Effect of myrtenal on brain oxidative stress markers in Streptozotocin (STZ)-induced demented mice (Mean ​± ​SEM, n ​= ​7). Following the completion of behavioural experiments, all the mice were anesthetized and sacrificed. Thereafter, brain tissues were instantly removed and dissected to isolate about 1 ​mg of hippocampal tissue which was homogenized in 10 ​mL of ice-cold phosphate-buffered solution (pH 7.0), centrifuged at 4 ​°C and 3000g for 5min. The supernatant was retrieved and used to determine NO and MDA concentrations. The concentration of MDA was assayed spectrophotometrically and the change in absorbance was read at 532 ​nm. The levels of MDA in hippocampal samples were estimated using a molar extinction coefficient of 1.56 ​× ​105 ​M⁻¹ ​cm⁻¹ and expressed as μmoles of MDA/tissue weight in grams. The concentration of NO was assayed calorimetrically using the Griess reaction and thereafter, the absorbance was read at 548 ​nm. The assayed nitrite levels in each sample were extrapolated from the standard curve of sodium nitrite (0–100 ​μM). The significance of the change in concentration determined using ANOVA, followed by Tukey's post-hoc test is indicated by asterisks ∗ p ​< ​0.05, ∗∗p ​< ​0.01, compared to the Streptozotocin group.

Fig. 5

Effect of myrtenal on brain antioxidant enzymes activity in STZ-induced demented mice (Mean ± SEM, n = 7).
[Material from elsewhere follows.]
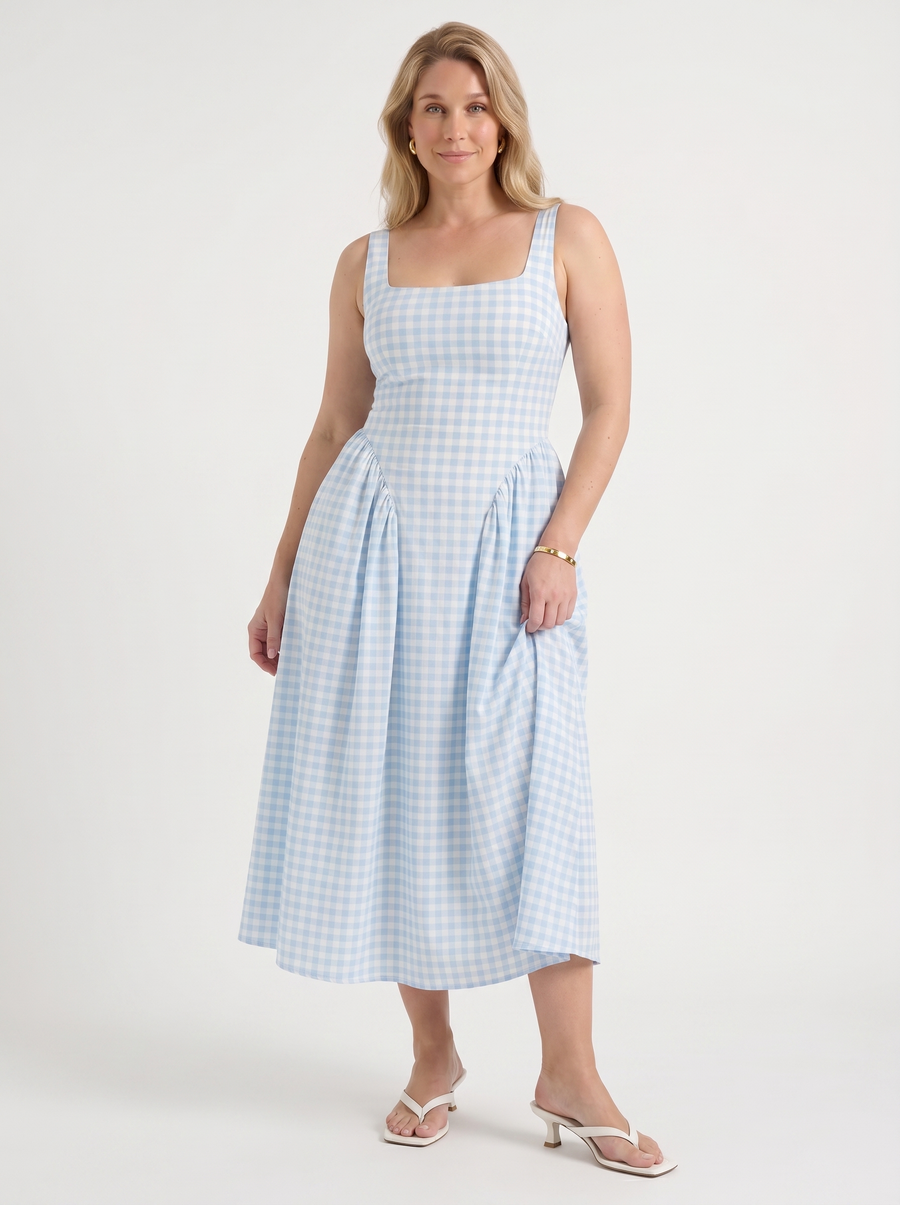 Cleo Midikleid mit Karomuster und Faltenrock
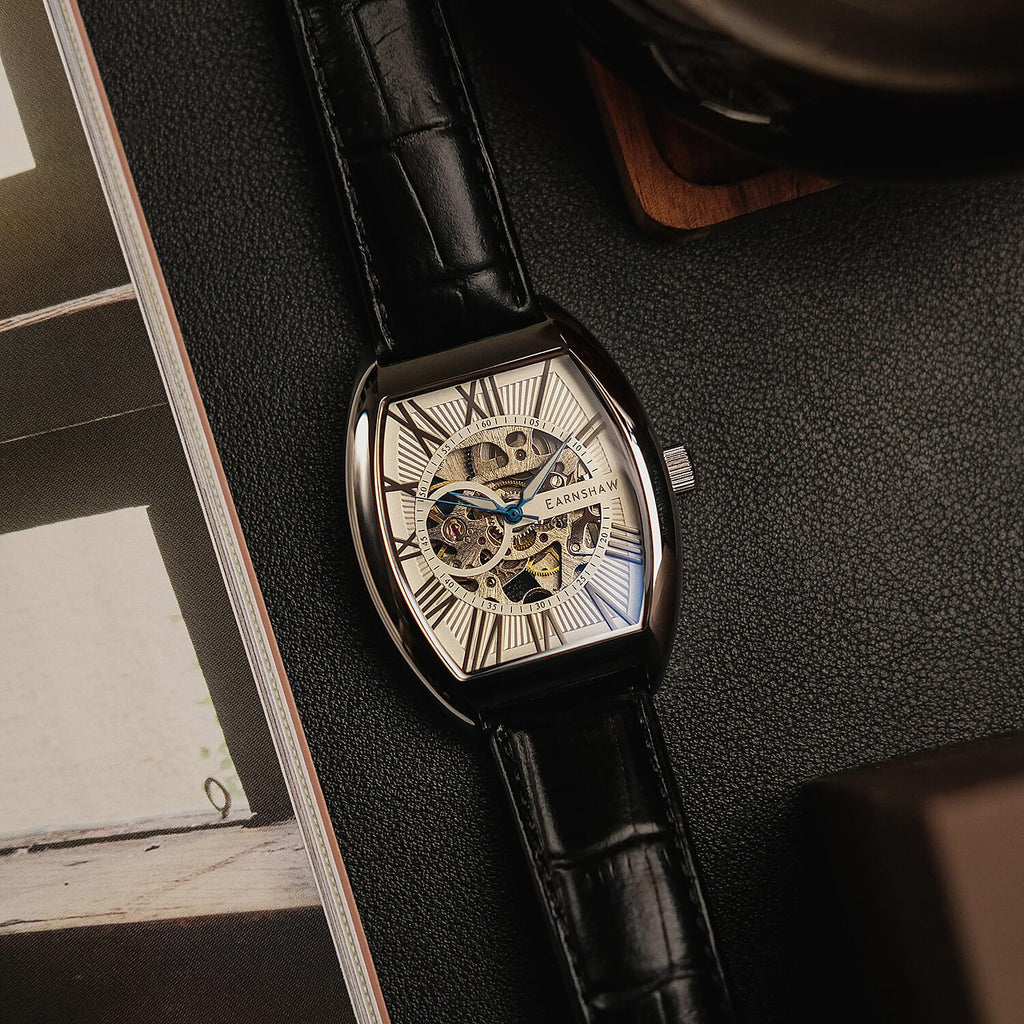 Thomas Earnshaw Automatic Movt. Silver White Dial 5ATM Water Resistance Mens Watch with Genuine Leather Strap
Activities of SOD, GPx, and CAT were estimated using hippocampal tissues and significance of the change in concentration was determined using ANOVA, followed by Tukey's posthoc test is indicated by asterisks ∗ p ​< ​0.05, ∗∗p ​< ​0.01, ∗∗∗p ​< ​0.001, compared to the STZ group.

Fig. 6

Effect of myrtenal on brain acetylcholinesterase activity and TNF-α in STZ-induced demented mice (Mean ± SEM, n = 7/group). Activities of acetylcholinesterase and TNF-α was estimated in hippocampal tissues and the significance of the change in concentration determined using ANOVA, followed by Tukey's posthoc test is indicated by asterisks ∗ p ​< ​0.05, ∗∗p ​< ​0.01, ∗∗∗p ​< ​0.001, compared to the STZ group.

Fig. 7

Photomicrograph showing the mitigating effect of myrtenal on the hippocampus of STZ-demented mice stained with H & E. Stars indicate neuronal degeneration and loss of neuronal cells in STZ treated mice (X20).

Fig. 8

Correlation of MDA concentration and memory performance in STZ-demented mice (Mean ± SEM, n = 7/group). r ​= ​Pearson's correlation coefficient, p ​< ​0.05 was considered significant.

Fig. 9

Schematic representation of the possible underlying mechanism of memory enhancement by myrtenal.